FIG. 6A is a diagram illustrating a high level overview of a result produced in accordance with a technique described above with reference to FIG. 2. As shown by FIG. 6A, an example result 600a comprises a plurality of devices for indicating results. For example, a respondent's relative score versus the peer group 602 indicates how the customer's responses compare with the customer's peer group in each domain. A Service-Oriented Architecture customer profile that best matches the overall score 604 provides information about the readiness category that has been determined for the customer based upon the customer's responses. Another set of devices 606 indicate how a respondent's self-assessment results compared to the peer group as well as industry best practices.

In an embodiment, the result of determining readiness stage for the customer in each of the domains, as well as the total score for the customer and the peer group may be used to generate an implementation plan for the customer. As shown by FIG. 6B, an implementation plan can be produced in accordance with a technique described above with reference to FIG. 2 in an embodiment. The implementation plan 600b can provide indications to an IT consultant about the customer's needs to be satisfied in each domain in order for the customer to be able to adopt the service oriented architecture. For example, a results by domain 612 shows areas which may need more focus. A recommendations 614 provides some recommendations that the customer may want to consider in adopting SOA. A Summary 616 provides a summary of potential business impact of adopting SOA for each domain.

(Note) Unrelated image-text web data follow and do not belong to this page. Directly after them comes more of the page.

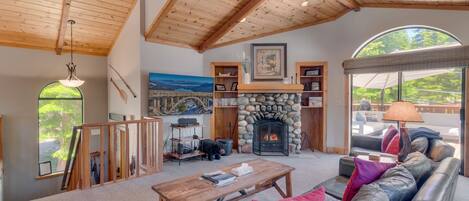 Televisión, chimenea y reproductor de DVD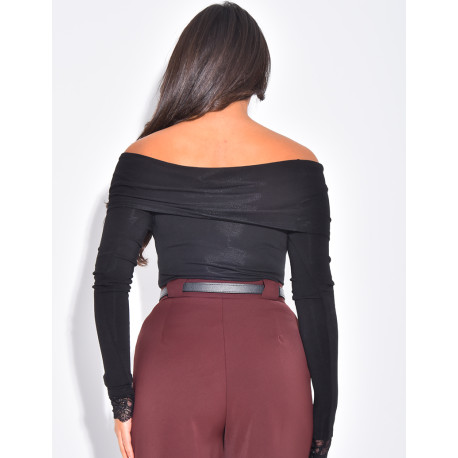 Long-sleeved boat neck top with lace cuffs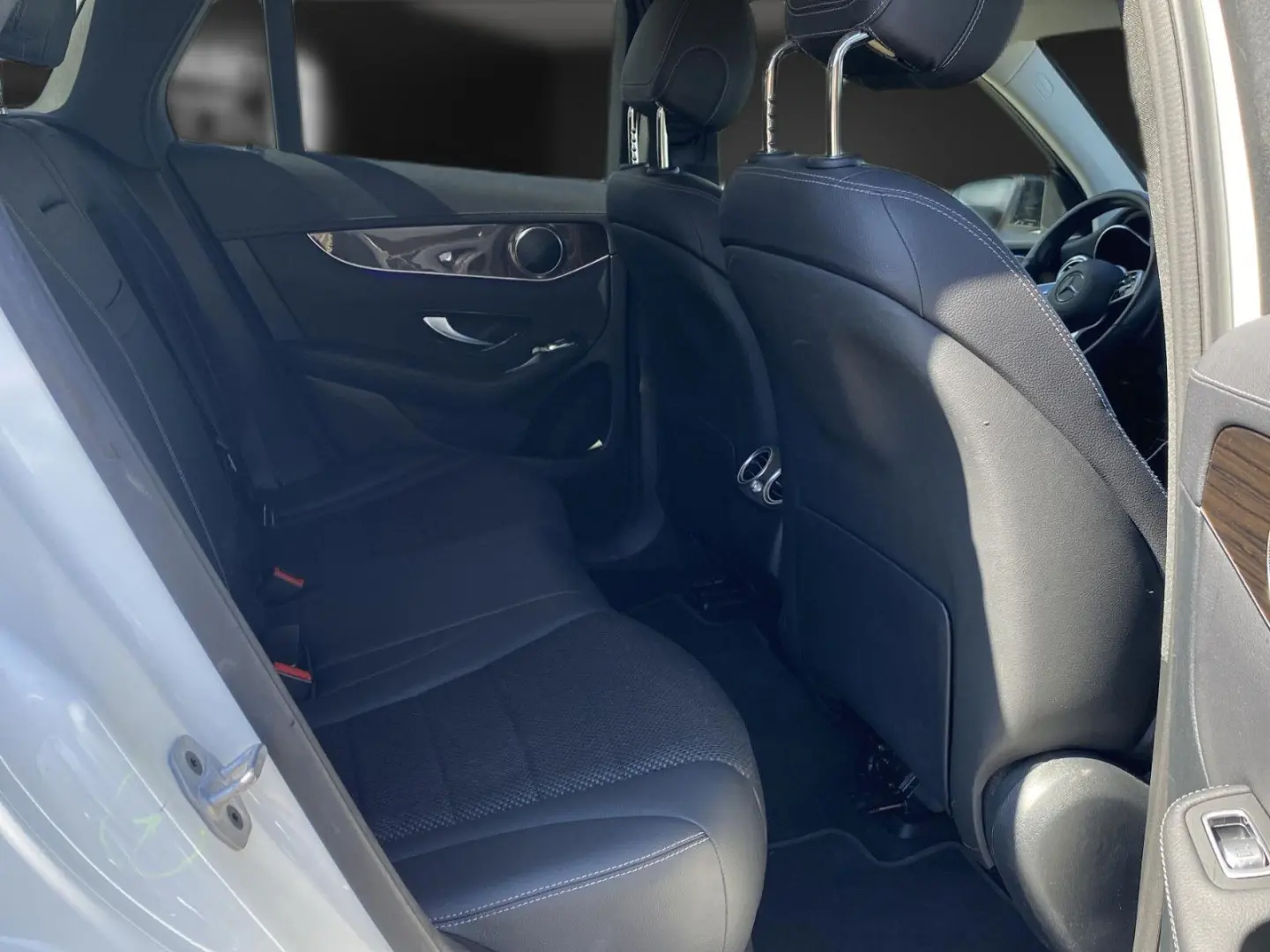 GLC 300 e 19 Night AHK Leder Kamera LED DAB Navi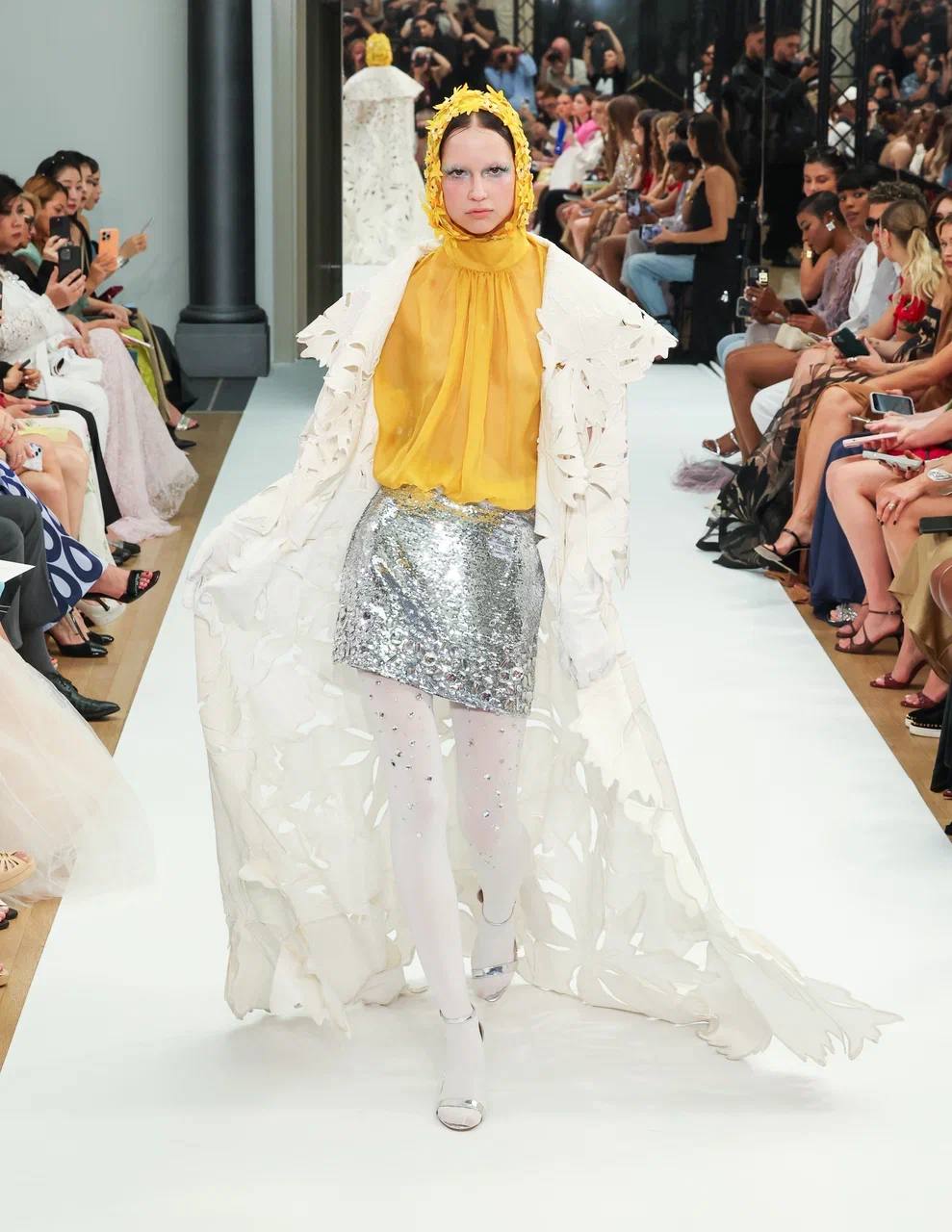 YANINA Couture – единственный российский модный дом, который ежегодно проводит показы в рамках парижской Недели моды. Этот сезон не стал исключением | Сетка — социальная сеть от hh.ru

The result 600a and implementation plan 600b can enable IT professionals to make recommendations to the customer. For example, a total score for the customer that is less than the total score for the peer group may indicate that the customer needs to understand how service oriented architecture can help the customer achieve the customer's business strategy. On the other hand, a total score for the customer that is greater than the total score for the peer group may indicate that academic knowledge of service oriented architecture by the customer may exceed practical ability to implement service oriented architecture for the customer. In another possibility, a total score for the customer that is approximately equal to the total score for the peer group may indicate that the customer does not yet have structures in place to implement using services extracted from existing applications. Of course, other inferences may be drawn based upon the implementation plans, total and ranged scores and comparison scores of the customer's responses with that of the customer's peer group without departing from the scope of the claimed embodiments.

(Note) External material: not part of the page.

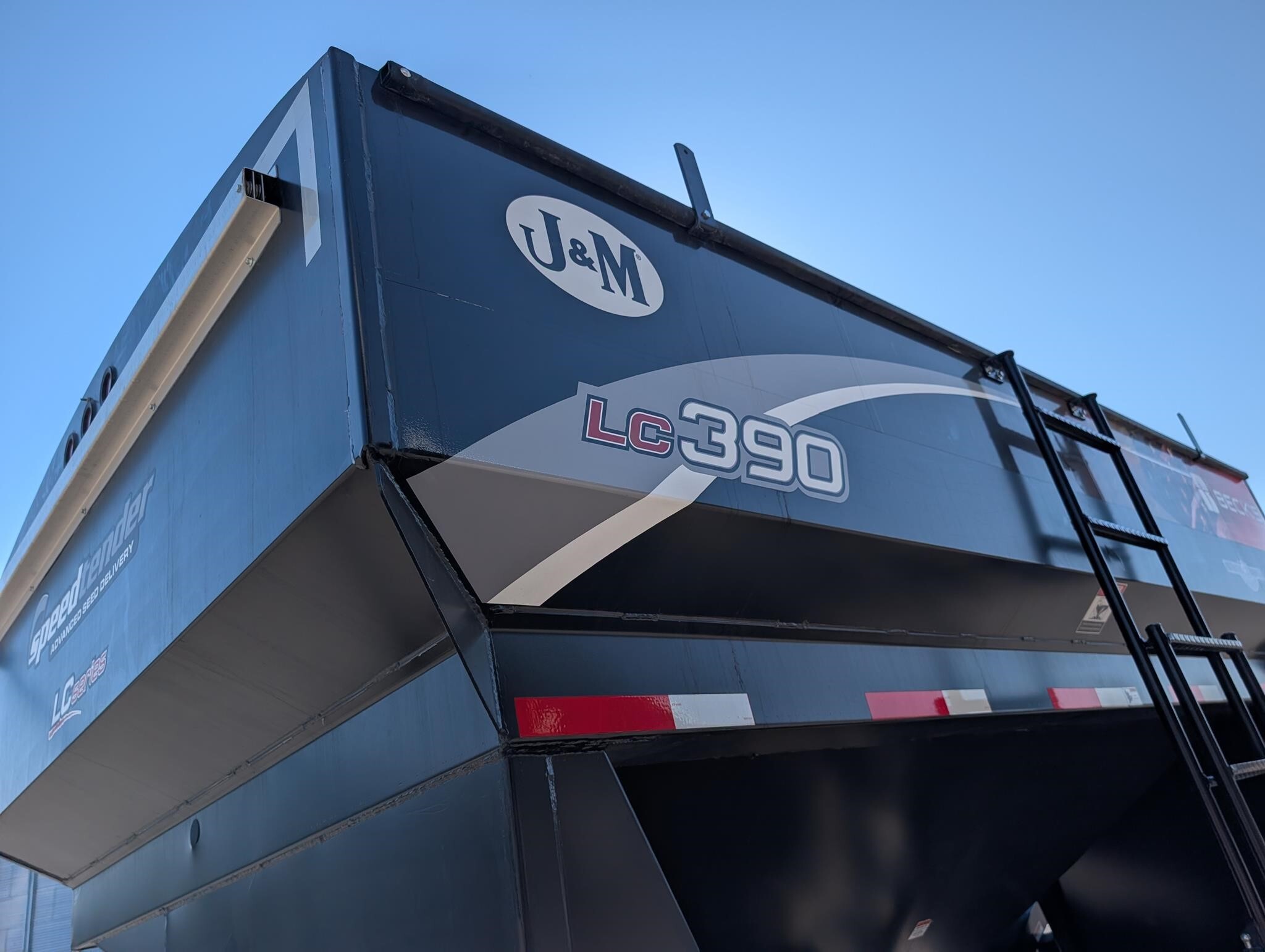2023 J&M LC390 Seed Tender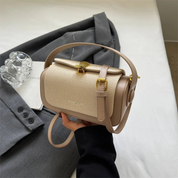 Bolsa de Ombro Feminina com Textura Fina e Fechamento de Metal Sofisticado Viena Lux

In other aspects, the invention encompasses in some embodiments, computer apparatus, computing systems and machine-readable media configured to carry out the foregoing methods. In addition to an embodiment consisting of specifically designed integrated circuits or other electronics, the present invention may be conveniently implemented using a conventional general purpose or a specialized digital computer or microprocessor programmed according to the teachings of the present disclosure, as will be apparent to those skilled in the computer art.

Appropriate software coding can readily be prepared by skilled programmers based on the teachings of the present disclosure, as will be apparent to those skilled in the software art. The invention may also be implemented by the preparation of application specific integrated circuits or by interconnecting an appropriate network of conventional component circuits, as will be readily apparent to those skilled in the art.

The present invention includes a computer program product which is a storage medium (media) having instructions stored thereon/in which can be used to program a computer to perform any of the processes of the present invention. The storage medium can include, but is not limited to, any type of rotating media including floppy disks, optical discs, DVD, CD-ROMs, microdrive, and magneto-optical disks, and magnetic or optical cards, nanosystems (including molecular memory ICs), or any type of media or device suitable for storing instructions and/or data.

Stored on any one of the computer readable medium (media), the present invention includes software for controlling both the hardware of the general purpose/specialized computer or microprocessor, and for enabling the computer or microprocessor to interact with a human user or other mechanism utilizing the results of the present invention. Such software may include, but is not limited to, device drivers, operating systems, and user applications.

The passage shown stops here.